As Billy Binion at Reason pointed out, the company paid $1.18 billion in taxes in 2018 — just at the local, state and international levels.
“Federal corporate taxes are a different story, since Congress specifically devised them with a set of deductions meant to incentivize investment, create jobs, and spur economic growth,” Binion wrote in a Friday piece.
“And Amazon does all that. In 2017, for instance, it invested $22.6 billion in research and development — the highest of any company that year. That huge number is just one such deduction included in the tax code, which explains how Amazon skirted federal taxes even with an impressive $11 billion in profits.
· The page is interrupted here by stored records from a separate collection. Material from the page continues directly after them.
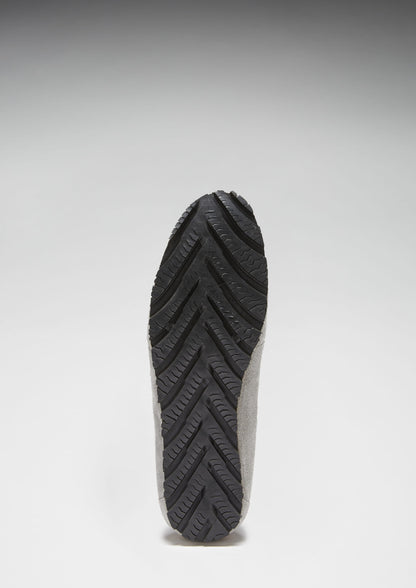 Hugs & Co Womens Dove Grey Suede Continental Espadrilles EU 36-42 product image 7
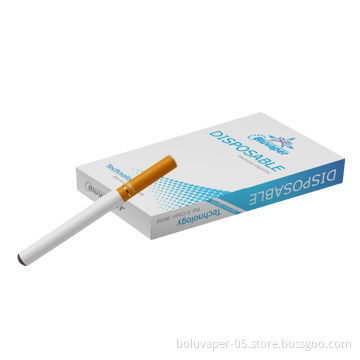 Mini Disposable E-cigarette with 280mAh Battery Capacity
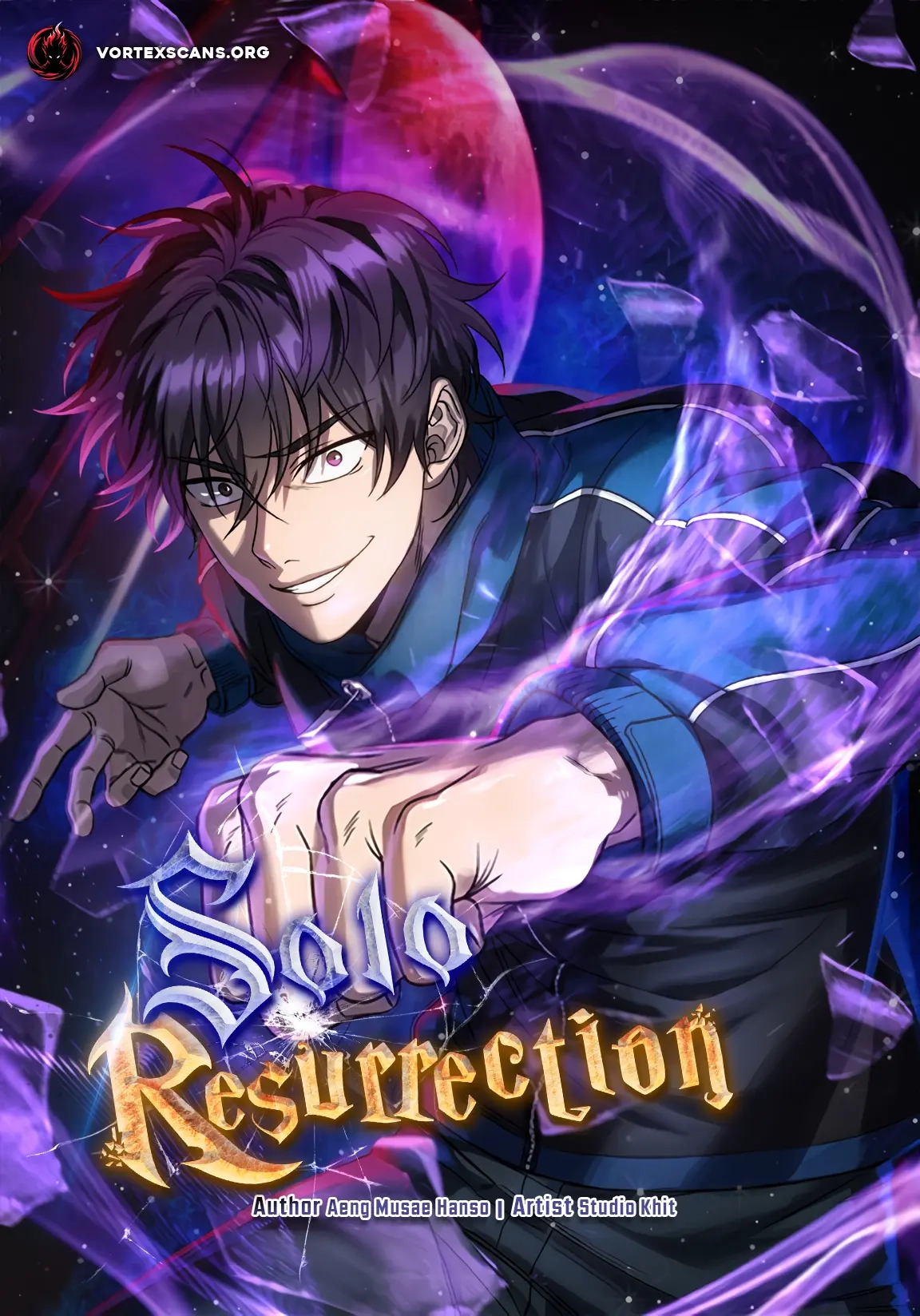 “MSolo Resurrection “MSolo Resurrection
“It’s misleading for Biden to lament that these numbers indicate that the tax code is rewarding wealth instead of work. Research and development are work, after all. If Amazon were getting a tax break for letting money gather interest in the bank, his complaint might make sense, but that’s not what’s going on here.”
And that’s the catch: What part of the tax code would Biden propose to change? How is that going to make everyday Americans more prosperous? How is that going to make the corporations that give them jobs better off?
If Joe Biden wins the White House, my guess is going to be that he doesn’t change a bit of this. In fact, very few candidates would — and they do so at their own peril. Reinvestment is something we ought to be rewarding, not punishing.
By the way, if Biden wanted to push for the reversal of these policies, he had the ear of the most powerful man in America for eight years and did nothing about it.
While the Trump tax cuts may have reduced Amazon’s burden, a lot of these policies were in place well before the Obama administration, and what did Joe Biden or his immediate superior do about them? Nothing. But it certainly makes for good rhetoric these days, doesn’t it?